* EXERCISE AIM
Your answer is the line containing "Typical Italian creative" plus every line after it through the end of the records, printed exactly and free of pictures.

Image-text web data
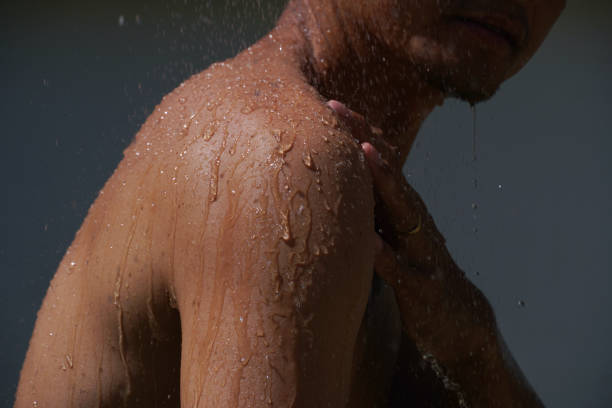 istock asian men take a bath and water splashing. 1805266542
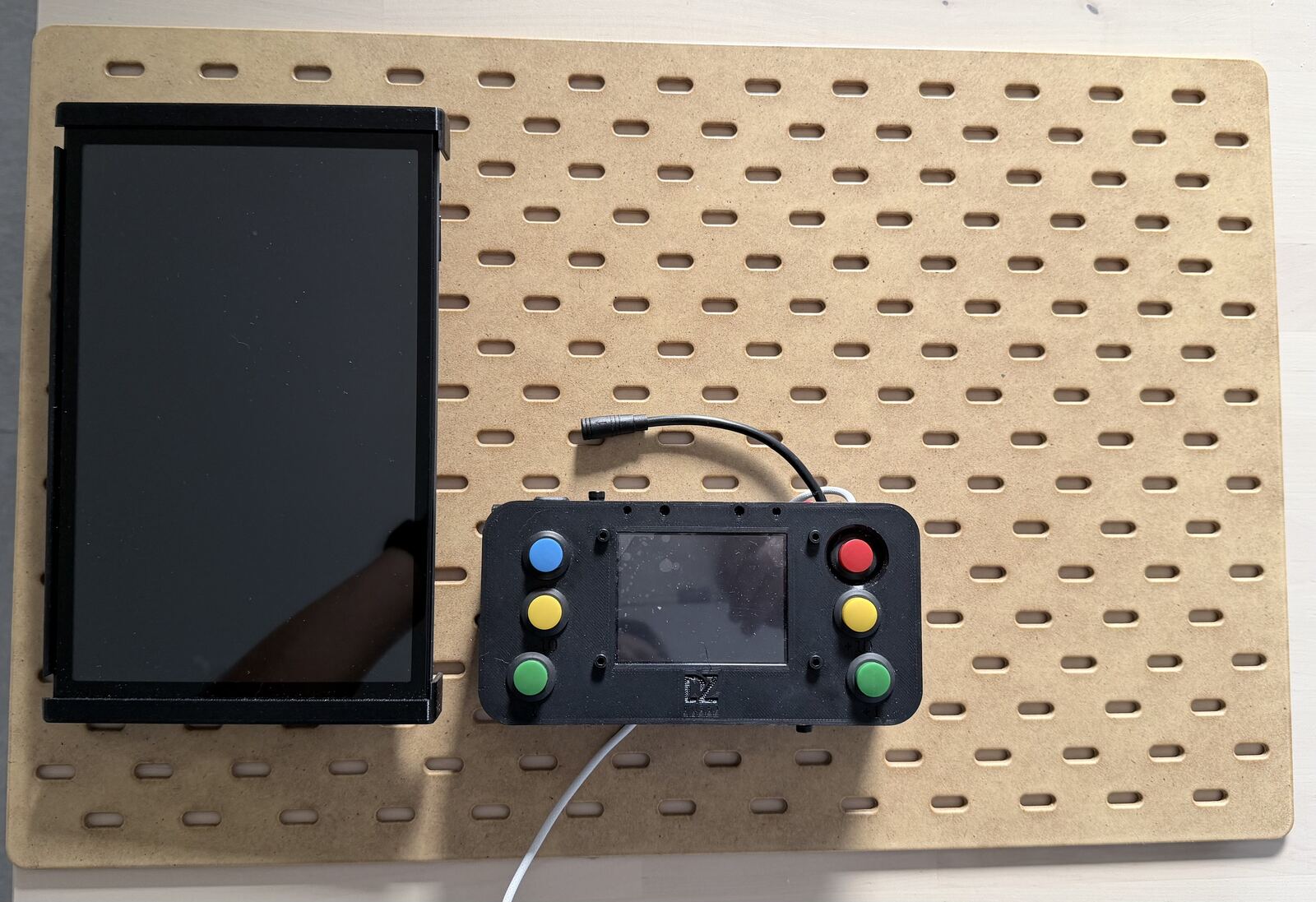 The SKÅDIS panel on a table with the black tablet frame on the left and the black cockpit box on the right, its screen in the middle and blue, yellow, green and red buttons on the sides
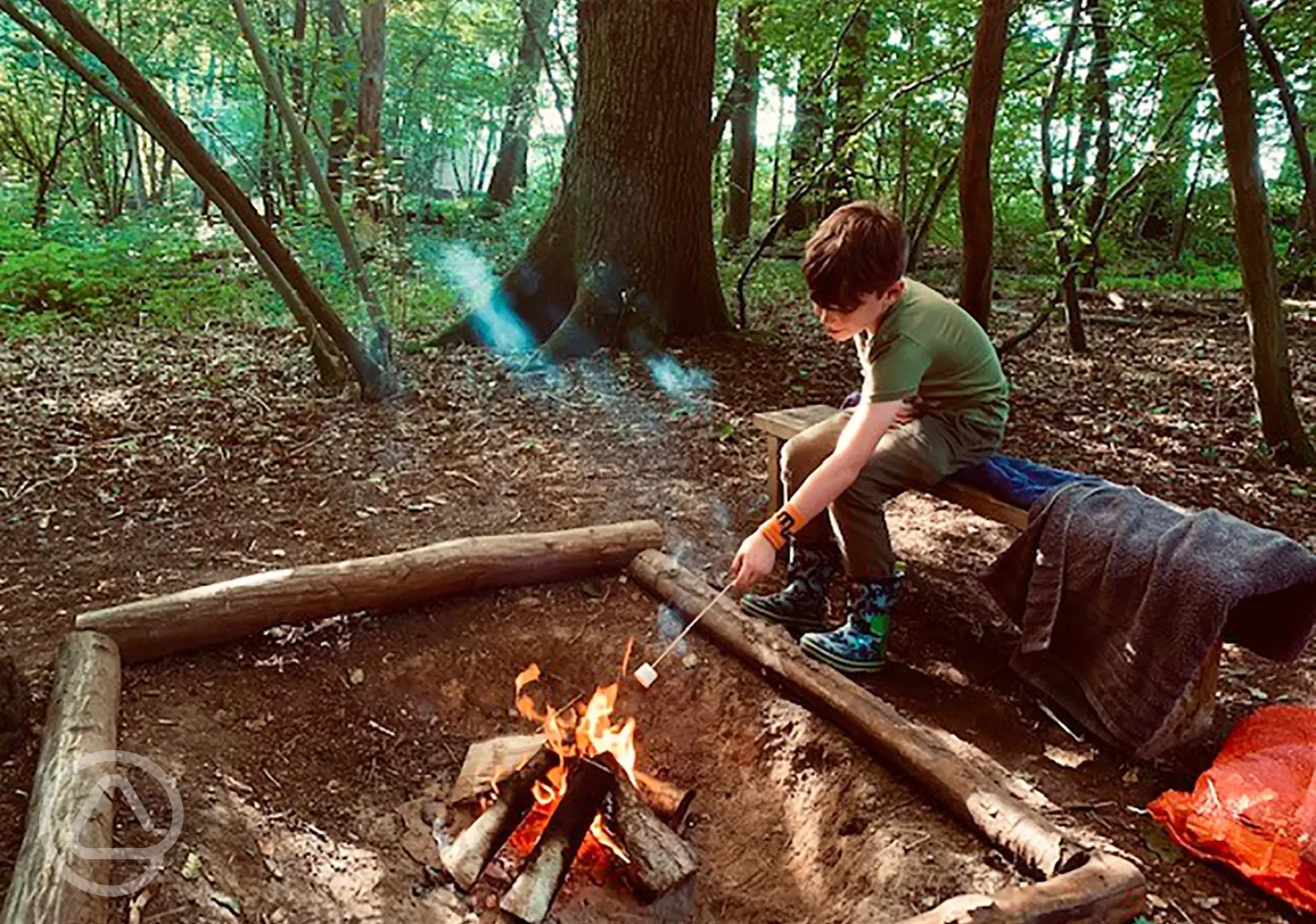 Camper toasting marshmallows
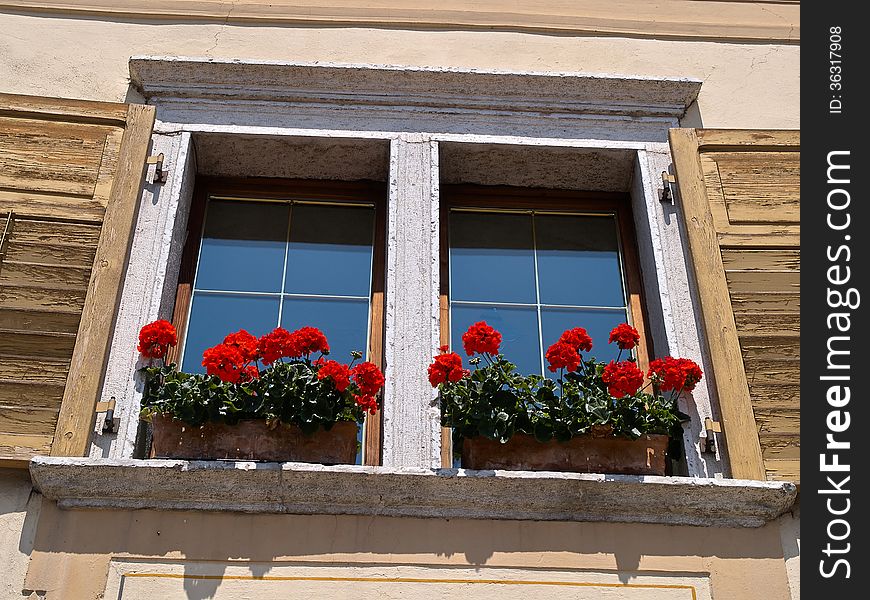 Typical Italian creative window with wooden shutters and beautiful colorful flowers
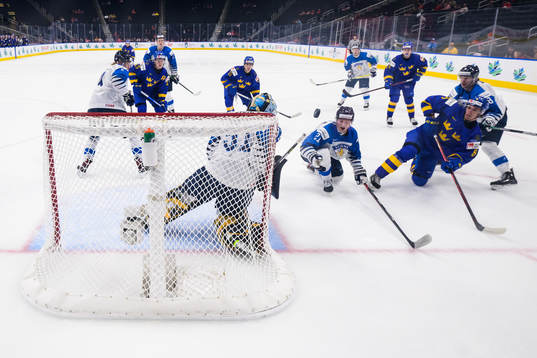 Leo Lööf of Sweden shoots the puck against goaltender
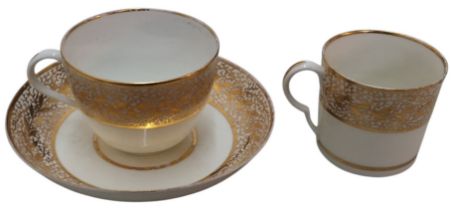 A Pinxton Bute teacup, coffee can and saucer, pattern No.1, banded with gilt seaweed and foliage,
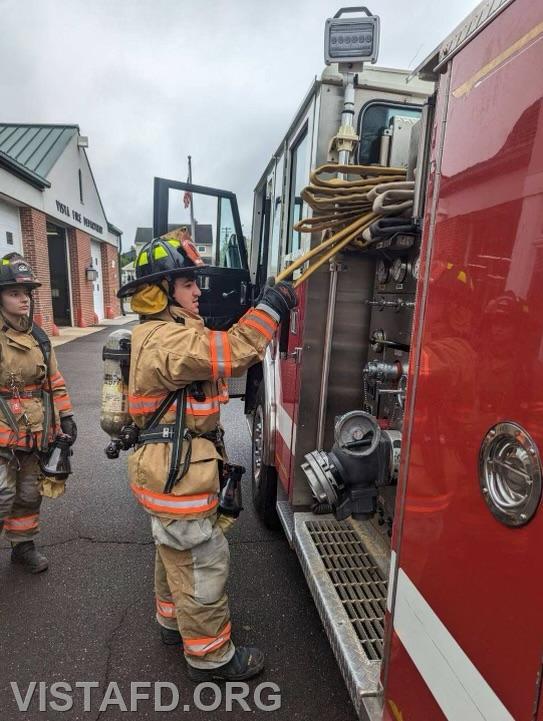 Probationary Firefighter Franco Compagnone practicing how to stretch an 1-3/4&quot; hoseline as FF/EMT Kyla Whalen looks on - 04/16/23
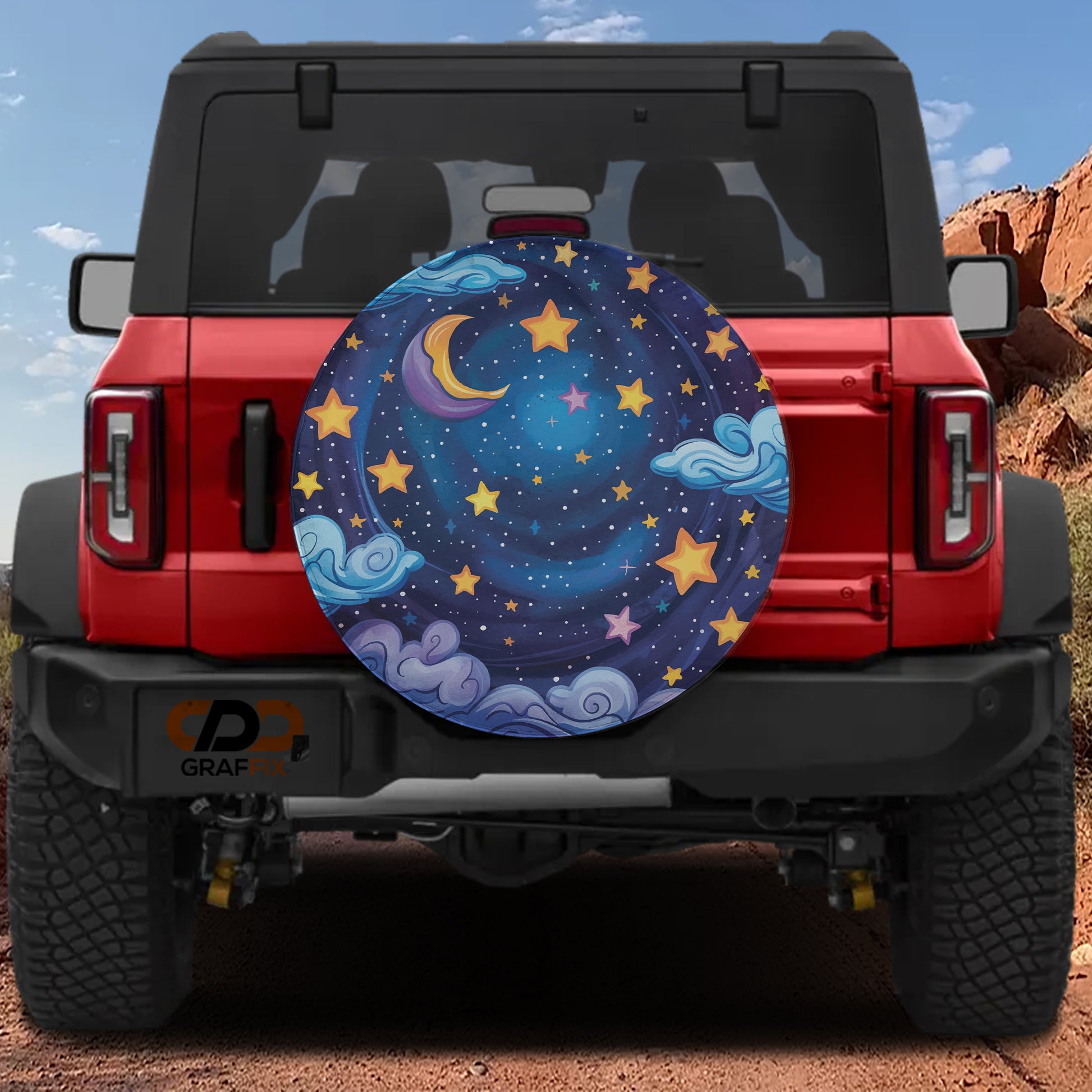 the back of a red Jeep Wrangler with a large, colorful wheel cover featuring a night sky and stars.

* SOLUTION FOR THIS TASK
 Typical Italian creative window with wooden shutters and beautiful colorful flowers
 Leo Lööf of Sweden shoots the puck against goaltender
 A Pinxton Bute teacup, coffee can and saucer, pattern No.1, banded with gilt seaweed and foliage,
 Probationary Firefighter Franco Compagnone practicing how to stretch an 1-3/4&quot; hoseline as FF/EMT Kyla Whalen looks on - 04/16/23
 the back of a red Jeep Wrangler with a large, colorful wheel cover featuring a night sky and stars.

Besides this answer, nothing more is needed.